Non-Fermi-liquid magic angle effects in high magnetic fields

We investigate a theoretical problem of electron-electron interactions in an inclined magnetic field in a quasi-one-dimensional (Q1D) conductor. We show that they result in strong non-Fermi-liquid corrections to a specific heat, provided that the direction of the magnetic field is far from the so-called Lebed's magic angles (LMAs). If magnetic field is directed close to one of the LMAs, the specific heat corrections become small and the Fermi-liquid picture restores.

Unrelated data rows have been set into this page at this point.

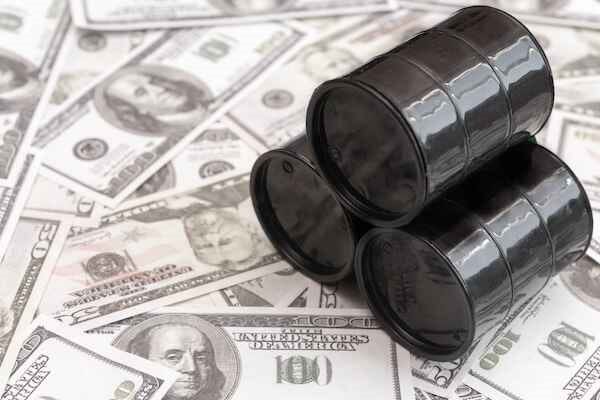 Barrels of oil against the background of American dollars Barrels of oil against the background of American dollars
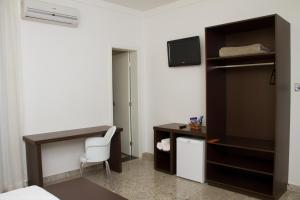 um quarto com uma cama, uma secretária e uma cadeira em Santorini Hotel em Guanhães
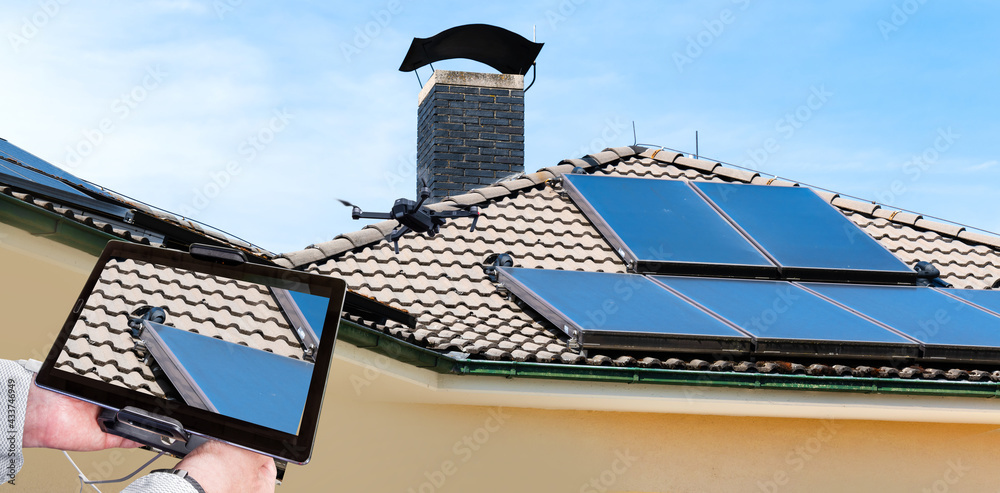 Inspection drone hovering above a rooftop solar array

As a result, we predict Fermi-liquid–non-Fermi-liquid angular crossovers in the vicinities of the LMA directions of the field. We suggest to perform the corresponding experiment in the Q1D conductor ${\left(\mathrm{Per}\right)}_2\mathrm{Au}{\left(\mathrm{mnt}\right)}_2$ under pressure in magnetic fields of the order of $H\simeq 25\text{T}$.

Figure 1

One of the Feynman's diagrams, corresponding to the lowest-order corrections to electron free energy from electron-electron interactions. Solid lines with arrows stand for electron Green's functions, whereas solid lines without arrows represent electron-electron interactions. All electrons have the same spin projection on a magnetic field.

Figure 2

Normalized correction to electron specific heat, $-\mathrm{\Delta }C/\left(g^2{C}_0\right)$, due to the Feynman's diagrams of Fig. 1, is numerically calculated by means of Eqs. (22) and (23). The main minimum of the correction, corresponding to the LMA with $\alpha ={45}^{\circ }$, is split into two secondary dips.